The academy is led by its founder, David Chang, a classically-trained artist, professor and chair of the department. It functions as an atelier —where pupils learn one-on-one with a master, in this case, Chang, to perfect their drawing and painting under his guidance. It remains the first of its kind at a public university in the nation. The new space further cements the success of the academy, which was founded in 2017. Since its inception, FIU’s most talented students, and even alumni have come to be a part of this unique and competitive experience at the university, establishing it as a leader of visual art in higher education.
Courses offered include portrait, figure and landscape painting as well as classical drawing. Students are required to fulfill a weekly eight hours of studio time, during which they perfect their work and engage in critiques along with their peers. “Painting is something that must be learned in the act of practice, just like swimming,” Chang says. “You can’t just learn how to swim by reading about it. You need to be in the water and have somebody there with you to show you how to do it. That is what I do at the academy. “It’s the kind of training that was getting lost in schools and universities,” he adds. Chang’s students are vocal in their gratitude for Chang’s guidance and undivided attention to their work, which they say has elevated their skills and pushed them as artists. “If I could show you the difference between my work before and after being in the academy… it was nothing in comparison to what I am doing now,” says Victor Barbero, a senior, second-year academy student and working assistant at the studio.
“Having professor Chang and fellow students there to critique me and help me out and doing my studio hours has taught me so much,” he adds. Osvaldo “Ozzy” Samper, a senior, was encouraged by Chang to participate in Paint Me Miami, a local competition celebrating the beauty of the city through art. His painting of El Palacio de Los Jugos in Hialeah earned him first place at the competition, much to his surprise. “He didn’t have any hope because it’s mostly professional artists who enter the competition, and he won first place,” Chang says. “He’s the pride of the academy, only three semesters in.” Before taking classes at the academy, Samper found himself stagnant and looking for his next spark of inspiration.

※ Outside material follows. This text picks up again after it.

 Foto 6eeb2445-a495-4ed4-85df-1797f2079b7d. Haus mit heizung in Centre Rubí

He says the academy gave him the push he needed, especially when he learned about a four-color limited palette technique from Chang. He employed this technique and many others when working on his winning painting. “I really credit Professor Chang for that win, says Samper. “He skyrockets you at whatever level you are. It’s something I love about his classes.” “Everybody comes with some talent. But wherever you are in your journey, he’s very good at pointing out what you need to improve on and what you’re already good at,” he adds.

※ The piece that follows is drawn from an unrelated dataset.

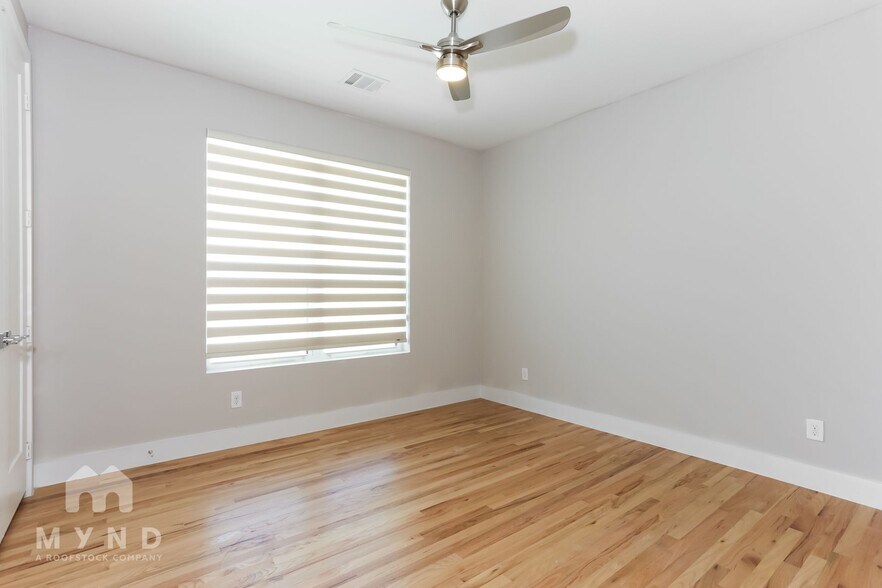 Building Photo - 2345 Vagas St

Samper, who hopes to become an art educator, encourages students interested in perfecting their art to pursue courses within the academy because of Chang’s mentorship. “I’ve personally never had a professor that was so invested in each and every student,” he says. Fellow students agree, adding that they see it becoming an even bigger force within the university. “There’s nothing like it here in Miami,” says Ronney Aragundi, student and studio assistant. “It’s incredible to think of what this could become in the next 10 years under professor Chang’s vision.” “I swear by the academy,” says Barbero. “I took my first academy class last year, and I’ve only taken academy classes since. It’s the best thing that could’ve happened to FIU for its art students.”

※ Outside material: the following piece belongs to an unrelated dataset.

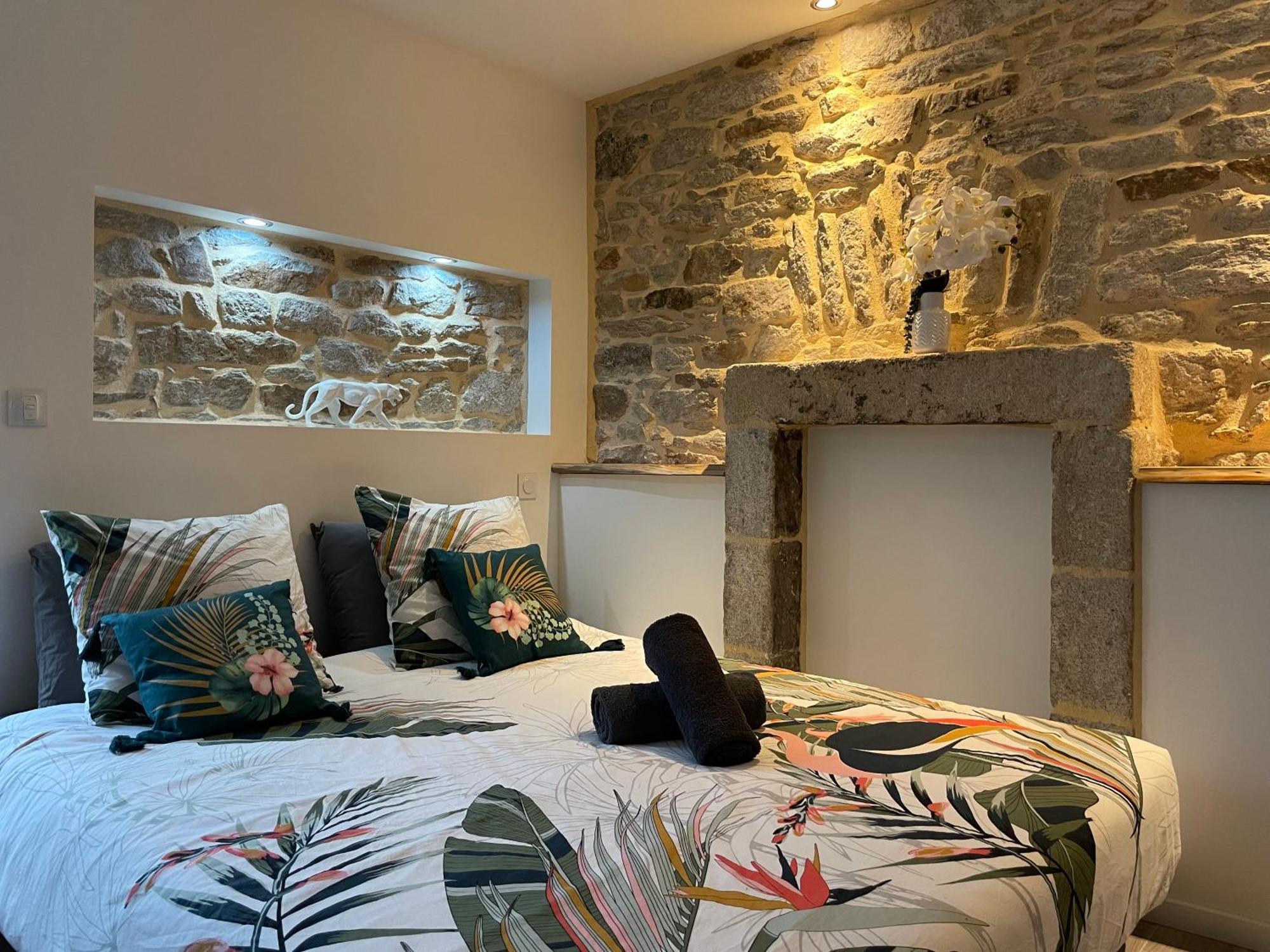 Le Calloch 2D - Studio 4 Etoiles - Quartier Gare - Wifi - Netflix Quimper Exterior photo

A minimum of 15 hours of weekly practice studio is required in addition to attending regular class sessions. Practice studio space will be available 9:00am-5:00pm on weekdays with assistance.
SUMMER B 2019
Professor David Chang
ART 3512C Intermediate Landscape Painting 7/1/2019 – 7/26/2019
ART 4514C Advanced Landscape Painting 7/1/2019 – 7/26/2019
ART 5582C Graduate Landscape Painting 7/1/2019 – 7/26/2019
Monday / Wednesday 9:30am – 3:15pm
*Special note: This course will focus on the knowledge and skill of Landscape Painting.
Professor David Chang
ART 3314C Intermediate Classical Drawing 8/26/2019 – 10/12/2019
ART 4322C Advanced Classical Drawing 8/26/2019 – 10/12/2019
ART 5395C Graduate Classical Drawing 8/26/2019 – 10/12/2019
Monday / Wednesday 5:00pm – 7:45pm
*Special note: This course will focus on the knowledge and skill of Classical Drawing.
ART 3560C Intermediate Figure Painting 10/21/2019 – 12/7/2019
ART 4560C Advanced Figure Painting 10/21/2019 – 12/7/2019
ART 5584C Graduate Figure Painting 10/21/2019 – 12/7/2019
Monday / Wednesday 5:00pm – 7:45pm
*Special note: This course will focus on the knowledge and skill of Figure Painting.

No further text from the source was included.